- _DIRECTIONS_
Without changing a word, repeat the data, and include no pictures.

Saved entries
Start of Block

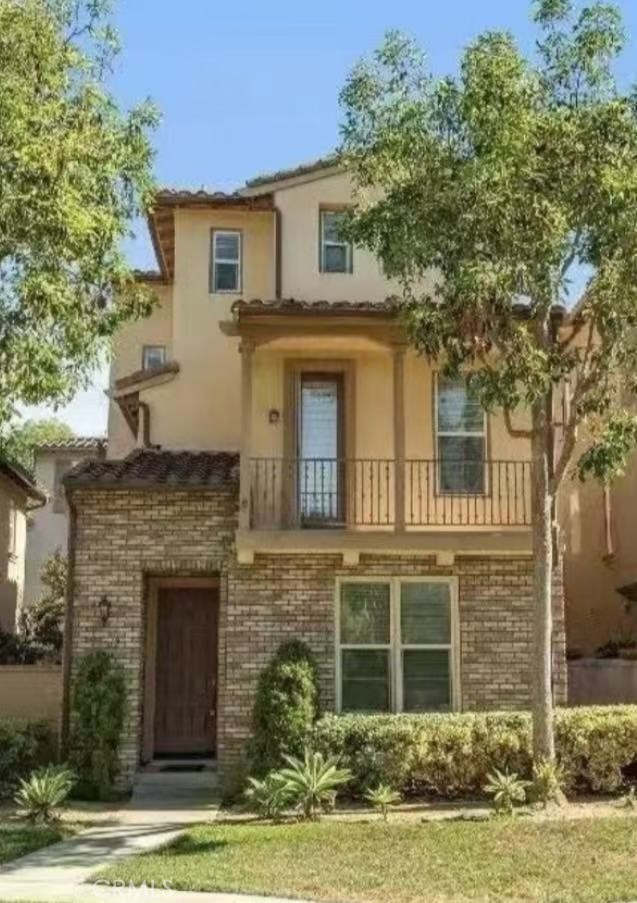 12 Tall Oak, Irvine, CA 92603 — photo 1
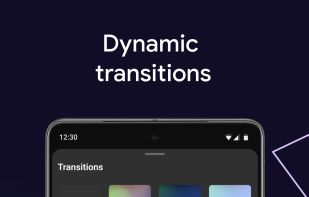 YouTube Create screenshot 3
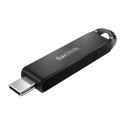 Mälupulk SanDisk 32GB USB3.1 Ultra Type-C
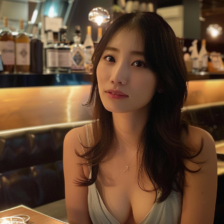 【三軒茶屋 キャバクラ求人】高収入・時給3300円以上｜未経験OK・バック充実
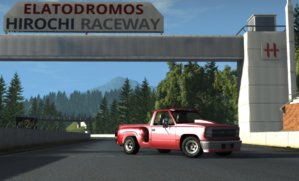 screenshot_00090_1920.jpg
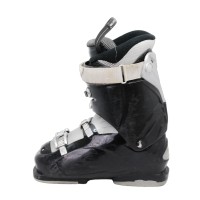 Used ski boot Tecnica Model Esprit 8 RT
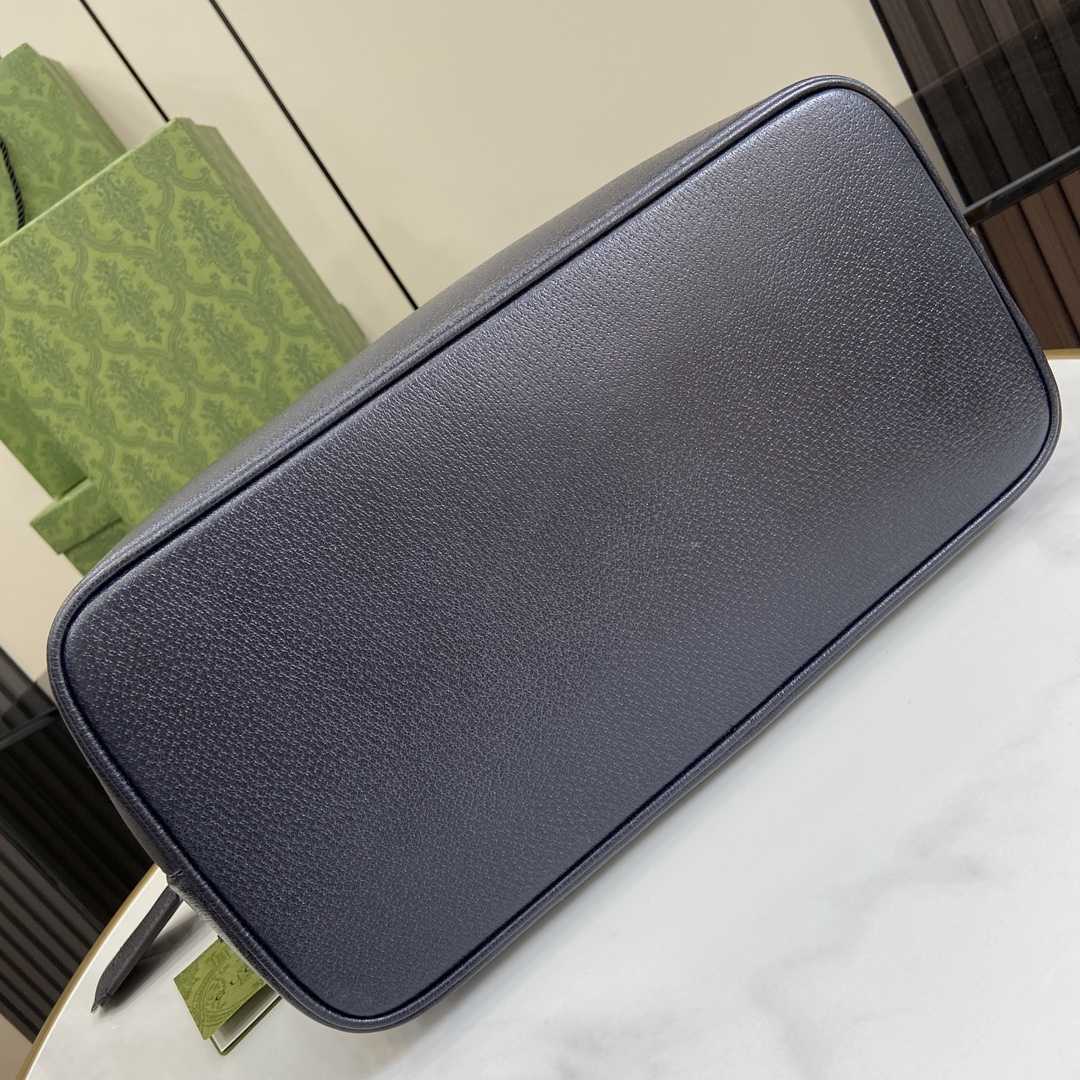 Gucci Ophidia Medium Shoulder Bag - PerfectKickZ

End of Block

- _RESPONSE AREA_
 12 Tall Oak, Irvine, CA 92603 — photo 1
 YouTube Create screenshot 3
 Mälupulk SanDisk 32GB USB3.1 Ultra Type-C
 【三軒茶屋 キャバクラ求人】高収入・時給3300円以上｜未経験OK・バック充実
 screenshot_00090_1920.jpg
 Used ski boot Tecnica Model Esprit 8 RT
 Gucci Ophidia Medium Shoulder Bag - PerfectKickZ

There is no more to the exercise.